Divers-Gens intervient surtout auprès des jeunes de 14-25 ans et leurs proches. C’est le seul organisme en Haute-Yamaska à offrir des formations et des ateliers sur la diversité de genre. Chaque année, l’équipe de Divers-Gens se déplace dans les six écoles de Granby. Elle s’arrête à l’école Joseph-Hermas-Leclerc, l’Envolée, Haute-Ville, au Collège du Mont-Sacré-Cœur et au Verbe Divin. Aussi, depuis peu, dans la région de Brome-Missisquoi. «Il n’y a aucun sujet tabou dans nos animations.» Divers-Gens ne dit jamais non, en dépit du fait qu’il souffre comme tant d’autres, d’un financement anémique. «On fait beaucoup de sensibilisation en milieu scolaire, mais ça nous fait toujours plaisir d’être invités dans des municipalités, des entreprises, des organismes communautaires qui veulent approfondir leurs connaissances sur les personnes de la diversité en général», explique Cédric Champagne.

Divers-Gens va bientôt offrir une formation sur les femmes lesbiennes, trans et queer dans un CALAC. Et quand les jeunes veulent comprendre ce qu’ils sont en train de vivre, ils peuvent aussi bénéficier d’un suivi individuel. Divers-Gens sert alors de guide et de boussole. L’accès aux services destinés aux différentes communautés reste difficile.

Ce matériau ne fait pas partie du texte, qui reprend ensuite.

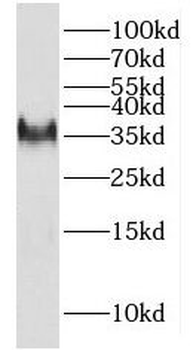 HSD17B7 Rabbit Polyclonal Antibody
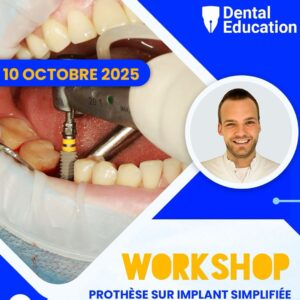 Prothèse sur implant Simplifiée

Et une multitude d’outils s’offrent aux gens qui veulent mieux comprendre les enjeux liés à l’identité de genre et sexuelle. On nous suggère la lecture du guide, produit par le Conseil québécois LGBT. Il peut servir de point de départ à la réflexion et aux discussions entourant la diversité de genres et aux réalités vécues par la communauté LGBTQ+.

«Pour mieux écouter, mieux comprendre comment adapter nos comportements, sans se dénaturer. Essayer d’être plus inclusif», explique Cédric Champagne.

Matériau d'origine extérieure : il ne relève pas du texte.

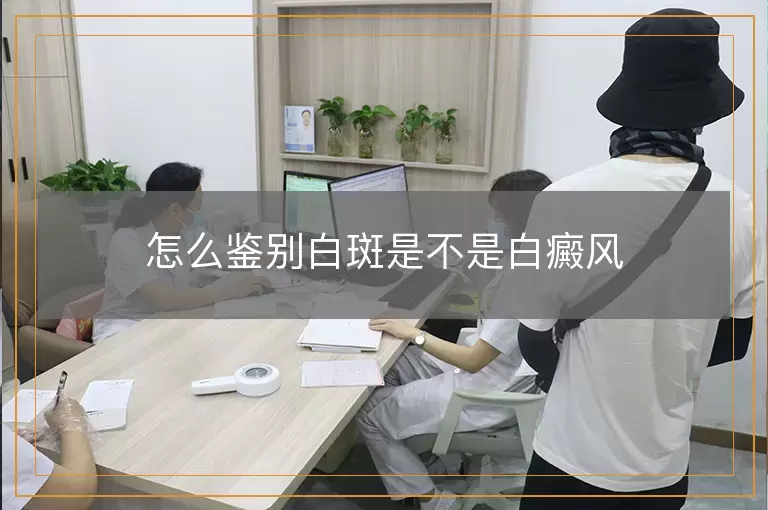 怎么鉴别白斑是不是白癜风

L’écueil des réseaux sociaux

Avec le virtuel, c’est plus facile de se sentir protégé en tant qu’intimidateur, de tenir des propos qu’on ne tiendrait pas en personne. Il y a cette difficulté et aussi celle des nouvelles étiquettes de la bisexualité, de la pansexualité et des personnes non binaires. Il y a encore beaucoup d’incompréhension autour de ça. Heureusement, la curiosité désamorce bien des préjugés, suggère Cédric Champagne.

«Juste poser des questions, d’avoir des gens de divers horizons dans son entourage pour ne pas être dans une chambre d’écho. On apprend tellement de choses sur les gens de cette manière-là. Ce sont là les premiers pas que l’on peut tous faire», sous-entend Cédric Champagne. Poser des questions. Et avec elles, les attitudes changent au fil du temps. «Ça fait 15 ans que j’ai terminé mon secondaire. Jamais je n’aurais pu à l’époque lever ma main pendant une animation de Divers-Gens en disant, — je suis gai —. J’ai des jeunes qui ont levé la main pendant l’animation. Il n’y a eu aucune réaction. C’est une très grande progression. Et même si tout n’est pas encore gagné l’acceptation au sein des jeunes est relativement bonne, il y a une belle posture d’écoute et d’ouverture.»